> _Your objective_
Every line below from the one containing "2 Schlafzimmer, Bügeleisen/Bügelbrett, kostenloses" through the one containing "Zadní lemy blatníků Opel Astra G 98-09.jpg" is to be printed exactly, with the pictures omitted.

> _Records for the exercise_
----------

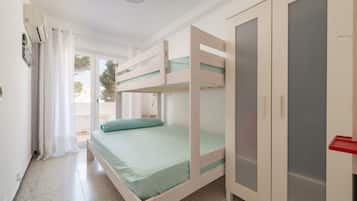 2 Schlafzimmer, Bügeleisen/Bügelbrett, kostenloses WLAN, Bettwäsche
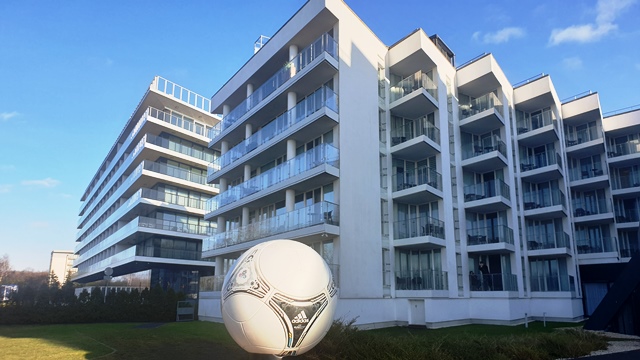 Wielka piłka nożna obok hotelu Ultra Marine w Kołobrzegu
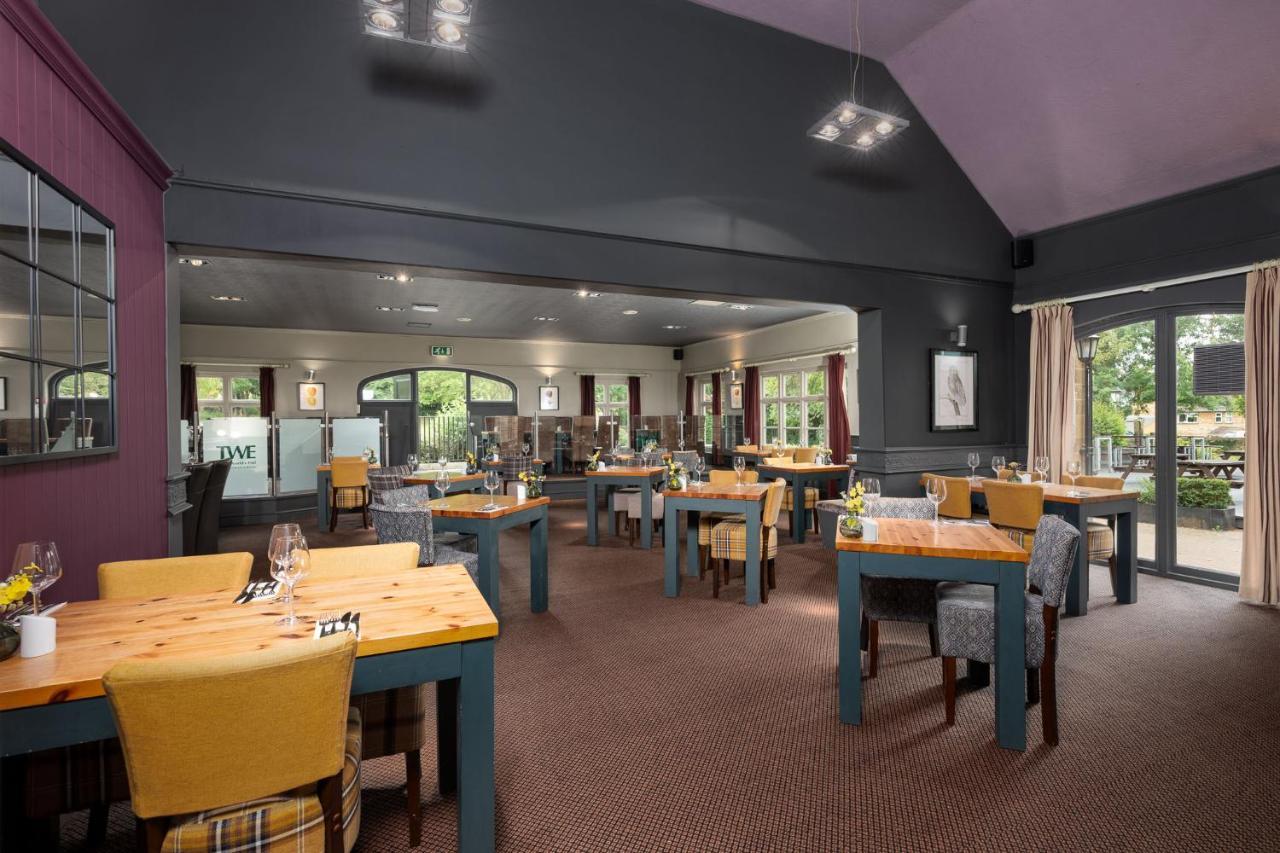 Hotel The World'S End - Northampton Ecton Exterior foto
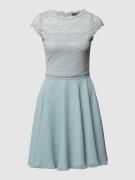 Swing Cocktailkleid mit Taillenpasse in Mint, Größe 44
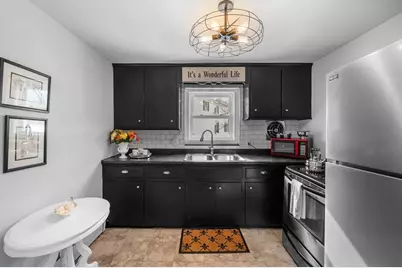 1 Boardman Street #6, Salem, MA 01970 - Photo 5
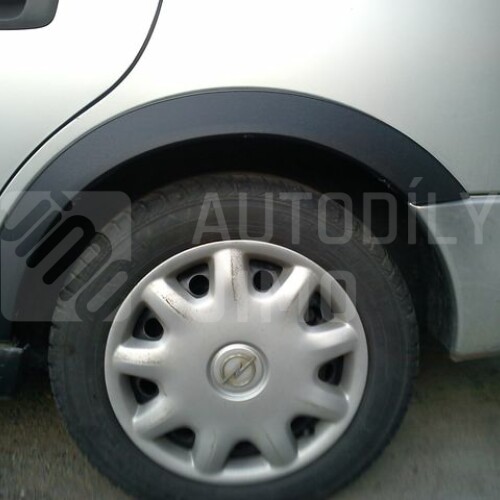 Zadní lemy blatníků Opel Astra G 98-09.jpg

----------

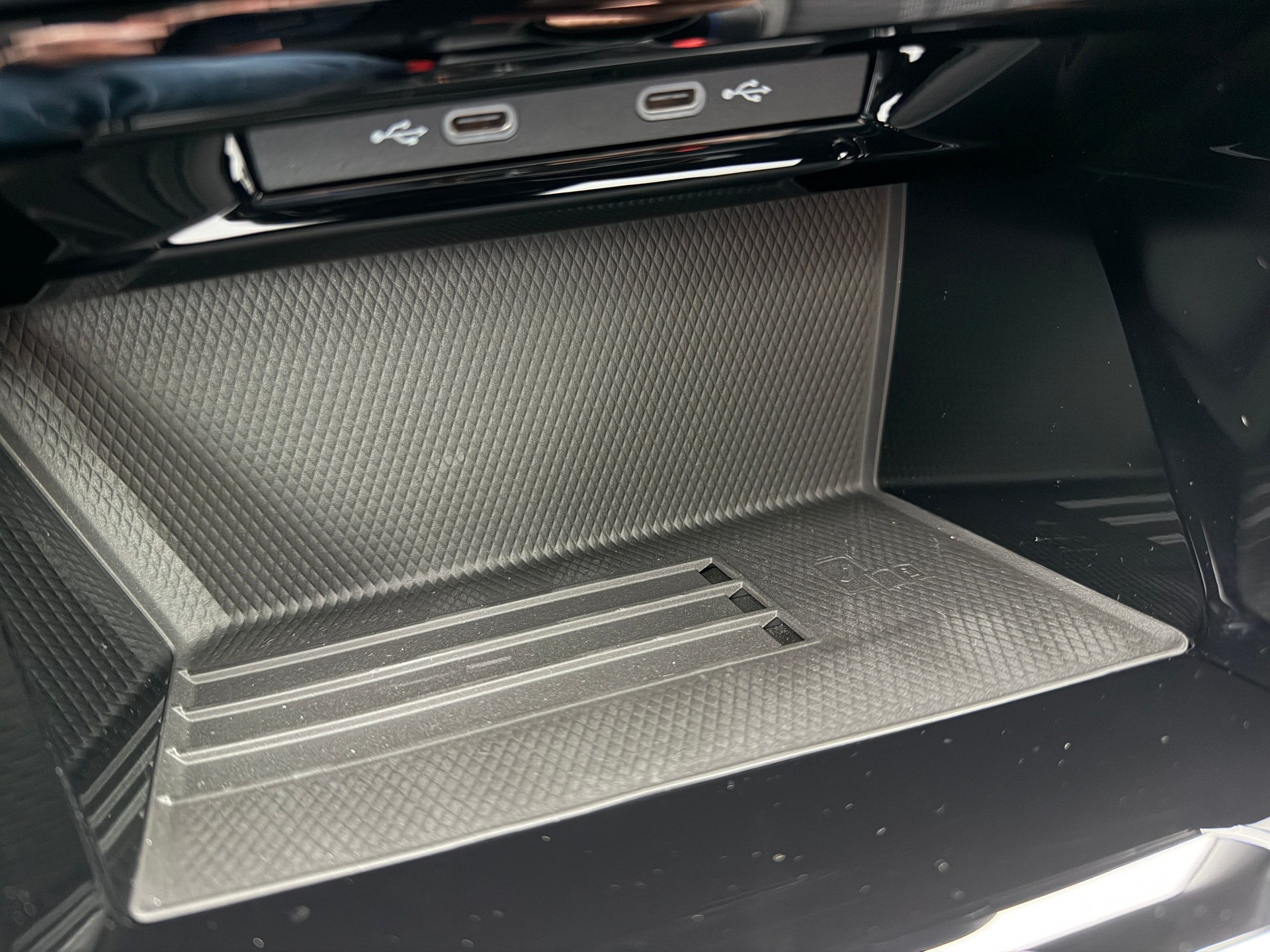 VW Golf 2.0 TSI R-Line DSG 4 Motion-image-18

----------

> _Task solution_
 2 Schlafzimmer, Bügeleisen/Bügelbrett, kostenloses WLAN, Bettwäsche
 Wielka piłka nożna obok hotelu Ultra Marine w Kołobrzegu
 Hotel The World'S End - Northampton Ecton Exterior foto
 Swing Cocktailkleid mit Taillenpasse in Mint, Größe 44
 1 Boardman Street #6, Salem, MA 01970 - Photo 5
 Zadní lemy blatníků Opel Astra G 98-09.jpg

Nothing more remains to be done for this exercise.